=== PROBLEM DESCRIPTION ===
Retype the entries below word for word, leaving out every picture.

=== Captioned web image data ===
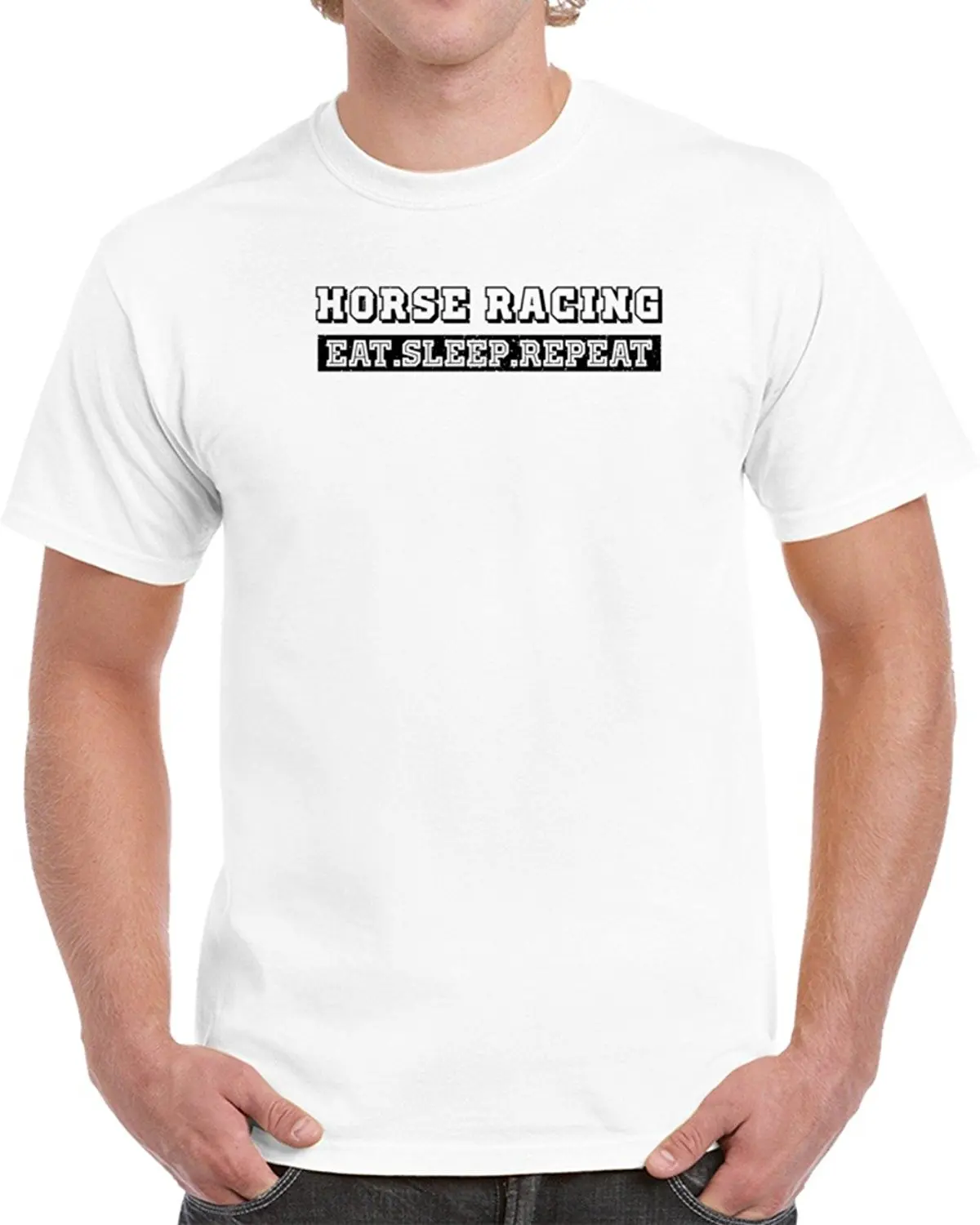 الحصان racinger أكل النوم كرر مضحك للجنسين الرجال ماركة shirtes clothihng أعلى جودة أزياء رجالي تي 100% ٪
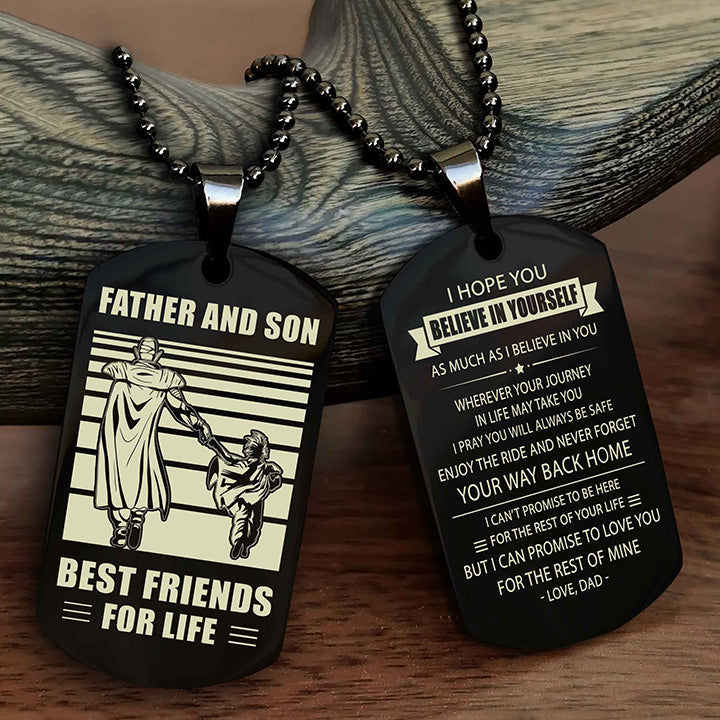 cowboy personalized double sided dog tag to my son i love you - enjoy the ride and never forget your way back home from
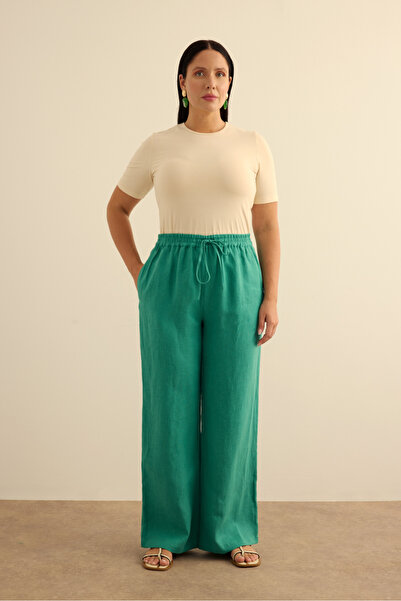 Aker Elastic Waist Linen Trousers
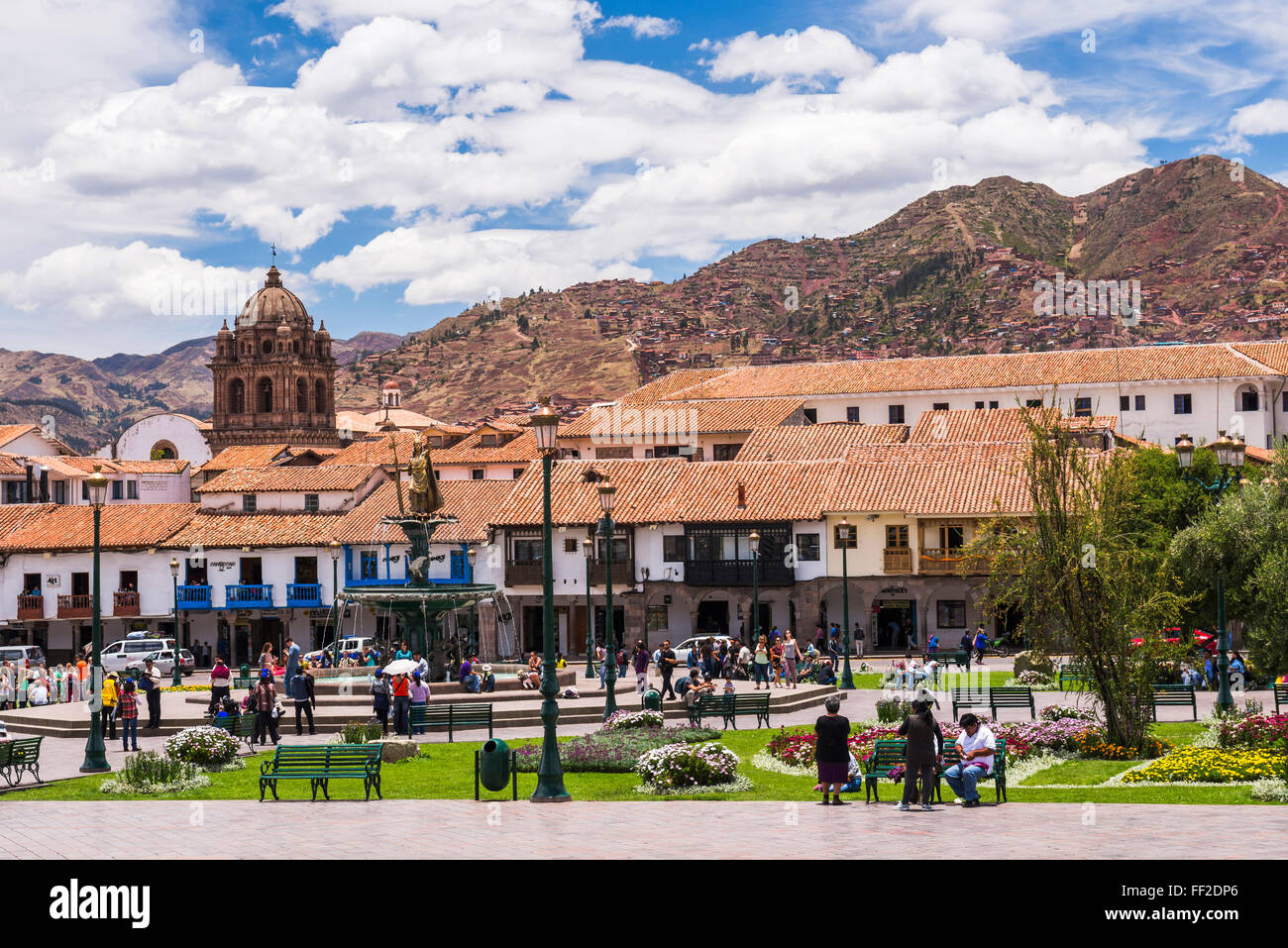 PRMaza de Armas, Weltkulturerbe der UNESCO WorRMd, Cusco (Cuzco), Region Cusco, Peru, Südamerika Stockfoto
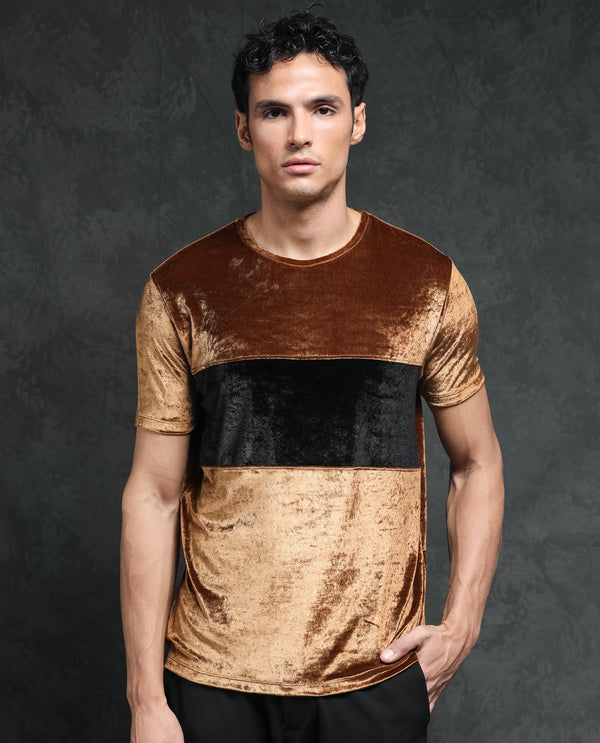 Rare Rabbit Men's Timos Mustard Polyester Lycra Fabric Crew Neck Half Sleeves Cut and Sew Velvet Texture T-Shirt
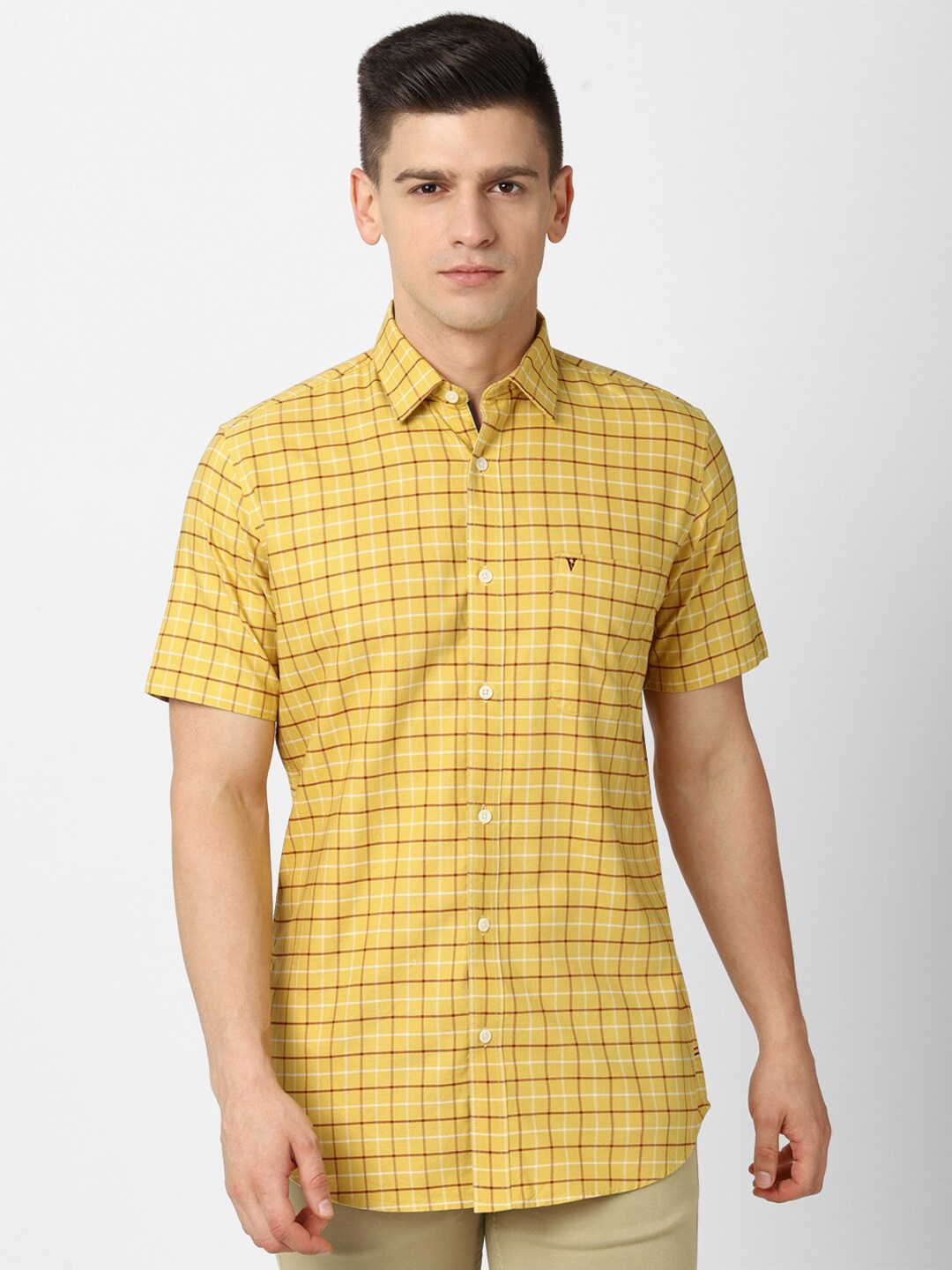

Van Heusen Sport Men Yellow Slim Fit Checked Casual Shirt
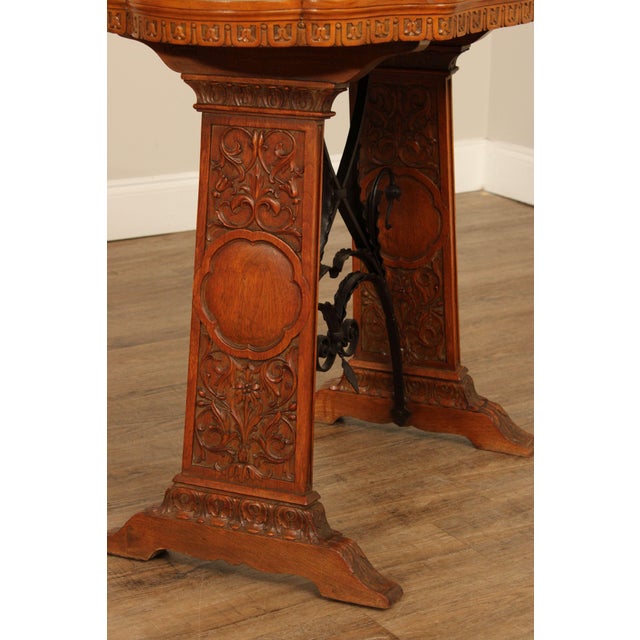 Antique Spanish Revival Carved Oak And Forged Iron Trestle Side Table For Sale - Image 9 of 14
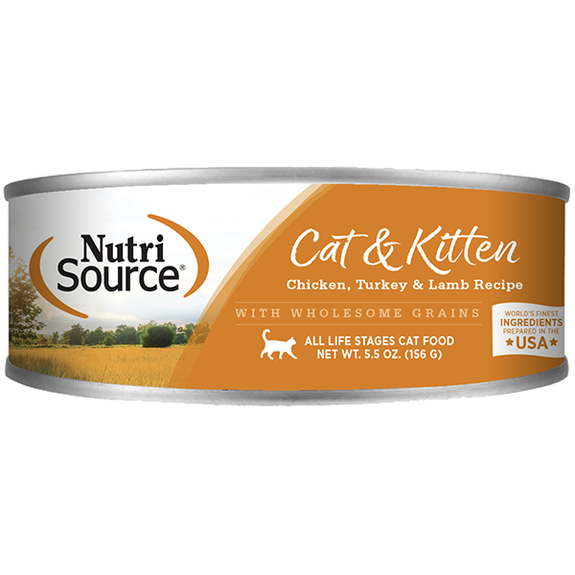 Cat & Kitten Chicken, Turkey & Lamb Recipe with Wholesome Grains Wet Canned Cat Food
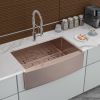 30 Rose Gold Farmhouse Sink - 30 Inch Kitchen Sink Stainless Steel 16 gauge Apron Front Kitchen Sink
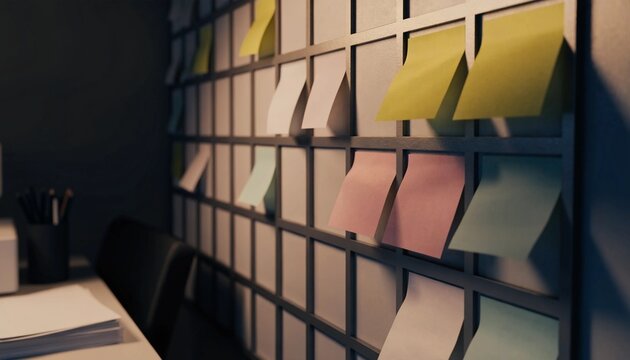 Modern wall planner calendar with blank colorful sticky notes attached to different days for effective project management and task scheduling mockup, organized workplace organizational tool.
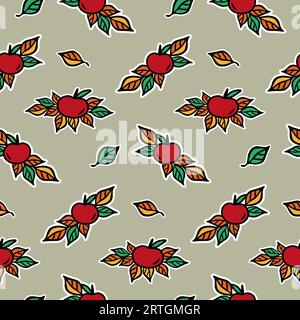 Red apple with leaves seamless pattern for textile, scrapbook or wallpaper, fall harvest vector background Stock Vector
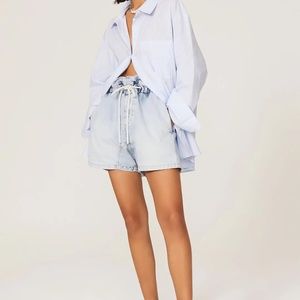 Bassike Denim Paper Bag Shorts - Size M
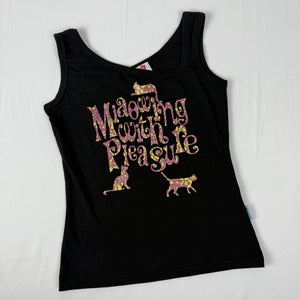 Black graphic tight fit cotton top (S)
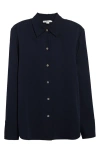Vince Classic Button-front Blouse In Coastal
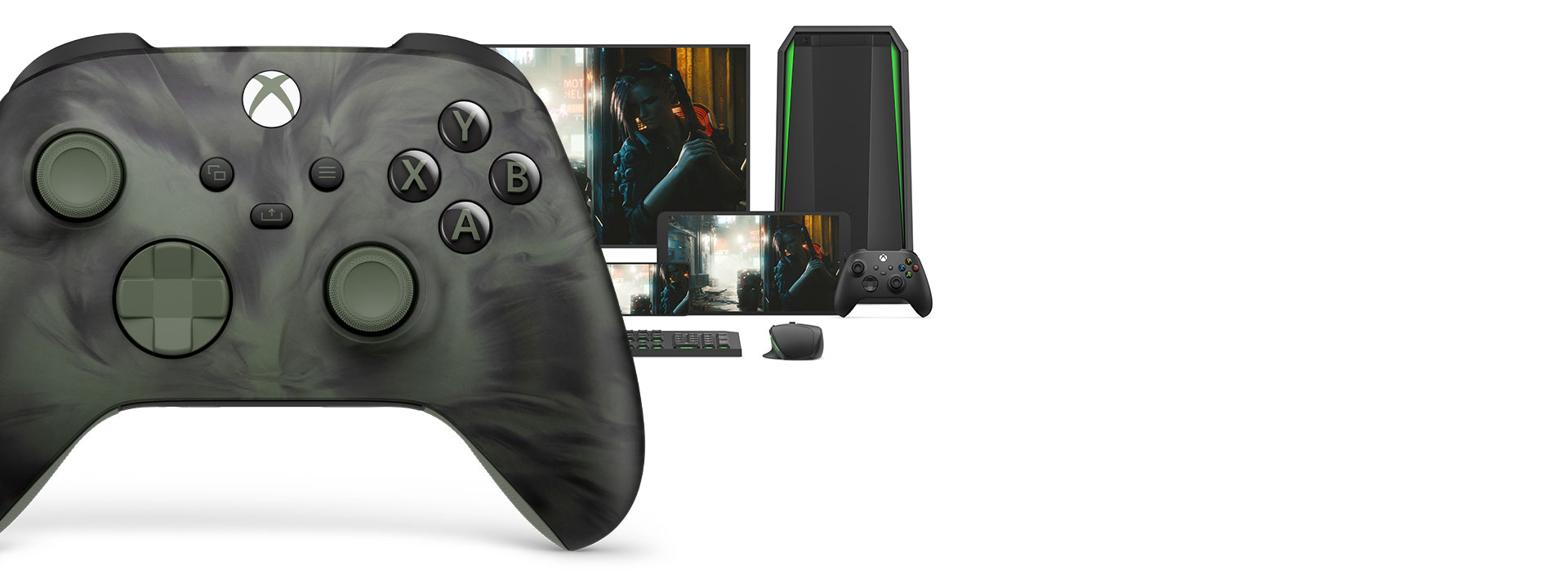 Xbox 무선 컨트롤러 – Nocturnal Vapor 스페셜 에디션의 오른쪽을 앞에서 본 모습. 뒤에는 이 컨트롤러로 게임을 플레이할 수 있는 여러 플랫폼이 보입니다.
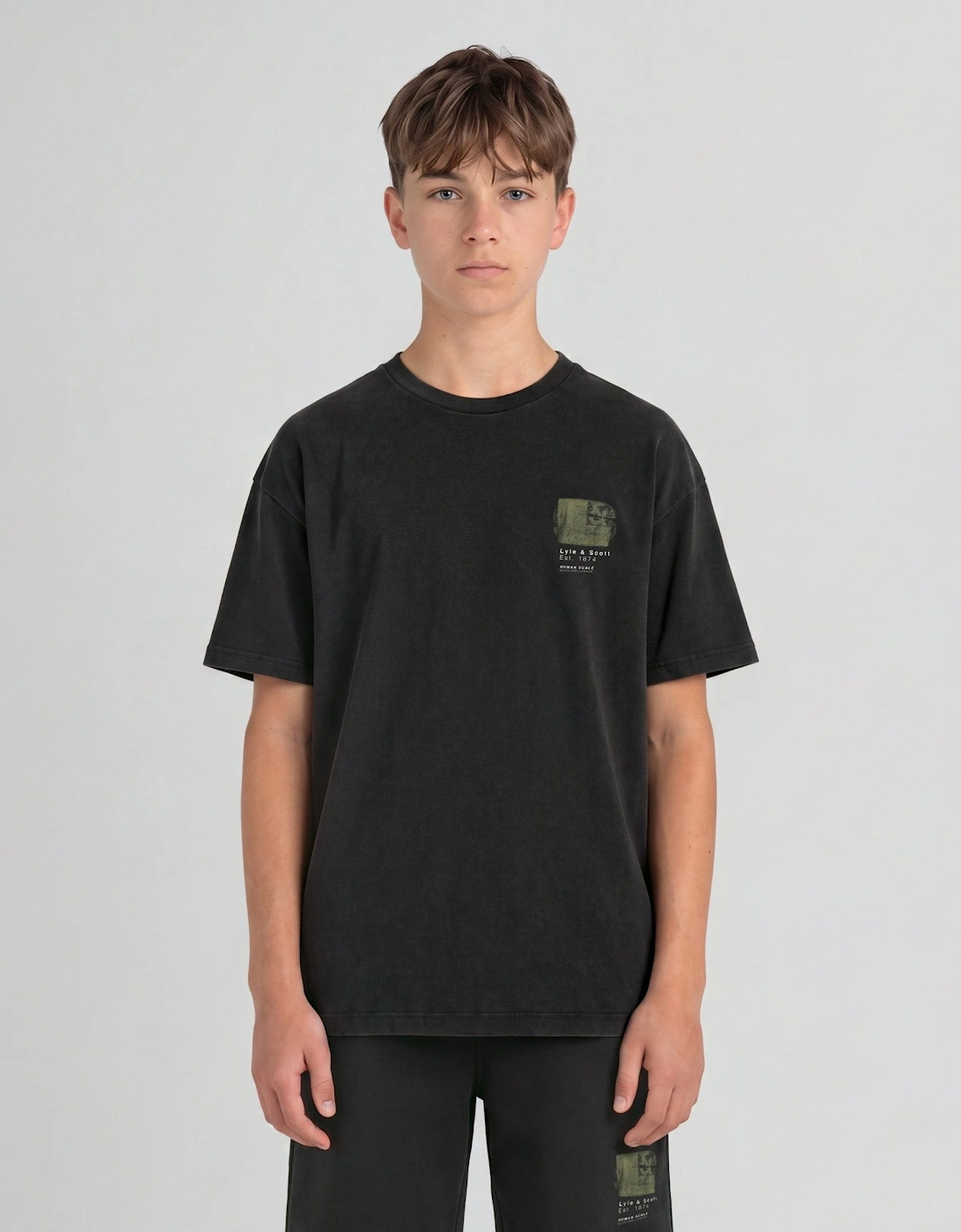 Lyle & Scott Lyle And Scott Boy's Half Tone Monogram Graphic T-Shirt - Black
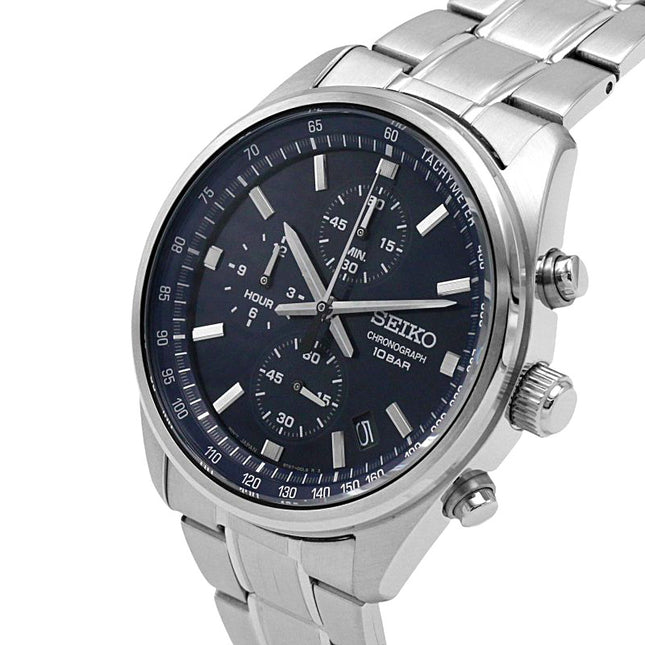 Seiko Chronograph SSB377P1 Dark Blue Dial Stainless Steel Strap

=== COMPLETED TASK ===
 الحصان racinger أكل النوم كرر مضحك للجنسين الرجال ماركة shirtes clothihng أعلى جودة أزياء رجالي تي 100% ٪
 cowboy personalized double sided dog tag to my son i love you - enjoy the ride and never forget your way back home from
 Aker Elastic Waist Linen Trousers
 PRMaza de Armas, Weltkulturerbe der UNESCO WorRMd, Cusco (Cuzco), Region Cusco, Peru, Südamerika Stockfoto
 Rare Rabbit Men's Timos Mustard Polyester Lycra Fabric Crew Neck Half Sleeves Cut and Sew Velvet Texture T-Shirt

Van Heusen Sport Men Yellow Slim Fit Checked Casual Shirt
 Antique Spanish Revival Carved Oak And Forged Iron Trestle Side Table For Sale - Image 9 of 14
 Cat & Kitten Chicken, Turkey & Lamb Recipe with Wholesome Grains Wet Canned Cat Food
 30 Rose Gold Farmhouse Sink - 30 Inch Kitchen Sink Stainless Steel 16 gauge Apron Front Kitchen Sink
 Modern wall planner calendar with blank colorful sticky notes attached to different days for effective project management and task scheduling mockup, organized workplace organizational tool.
 Red apple with leaves seamless pattern for textile, scrapbook or wallpaper, fall harvest vector background Stock Vector
 Bassike Denim Paper Bag Shorts - Size M
 Black graphic tight fit cotton top (S)
Vince Classic Button-front Blouse In Coastal
 Xbox 무선 컨트롤러 – Nocturnal Vapor 스페셜 에디션의 오른쪽을 앞에서 본 모습. 뒤에는 이 컨트롤러로 게임을 플레이할 수 있는 여러 플랫폼이 보입니다.
 Lyle & Scott Lyle And Scott Boy's Half Tone Monogram Graphic T-Shirt - Black
 Seiko Chronograph SSB377P1 Dark Blue Dial Stainless Steel Strap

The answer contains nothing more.